Foreign Minister Abdullah Gul failed to win the Turkish presidency in a second round of voting in parliament on Friday, but is expected to clinch the post next week, hoping to end months of political tensions.
Gul, a highly respected diplomat who helped secure European Union-accession talks for Turkey, is distrusted by the military and secular elite because he served as a minister in an Islamist party chased from power in 1997.
Friday's vote was the second of up to four rounds. Gul is expected to be elected in the third session on August 28 when he no longer needs two-thirds of the votes but a simple majority - which the ruling Islamist-rooted AK Party has.
A parliament official announced that Gul had received 337 votes in the 550-seat chamber, confirming what an AK Party deputy had earlier told Reuters before a recount. The result meant several AK Party members did not vote for the minister.
Two opposition candidates also stood. The Nato-member country of 74 million people is predominantly Muslim but is governed by a secular constitution.
The AK Party is accused of seeking to undermine a separation of religion and state dating back to the founding of the republic after the collapse of the Ottoman Empire. The party denies the charges and points to its EU reforms and pro-business record in office.
Turkey's financial markets, troubled by months of political turmoil, were this time focused on volatility in global markets with the election regarded as a foregone conclusion. The lira currency eased to 1.3310 against the dollar on Friday while Istanbul's main share index fell 1.5 percent.

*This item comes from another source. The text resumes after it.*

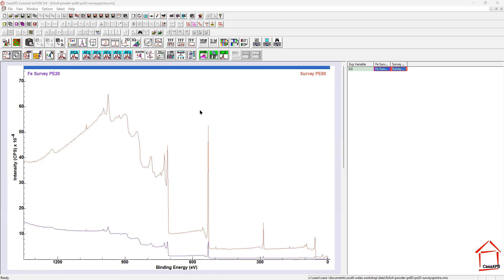We talk about transmission functions, meaning the energies with which these lenses are adjusted along a spectrum such as this survey spectrum. Each and every energy produces a different voltage on these lens units and so you get a slightly different response. So it's not surprising that when you look at two spectra like this, measured from the same instrument with different operating modes, that they look different.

Gul, 56, says he backs secularism but opposition from the secularist elite remains fierce, in part because his wife wears the Muslim headscarf, seen by secularists as a provocative symbol of religion. The scarf is banned in public offices.
Few expect the army, which has ousted four governments since 1960, to intervene directly after its strong public statements earlier this year appeared to backfire and helped secure more votes for the AK Party in the recent parliamentary election. The army is unlikely to sit by quietly if they perceive that secularism is coming under threat, analysts and politicians say.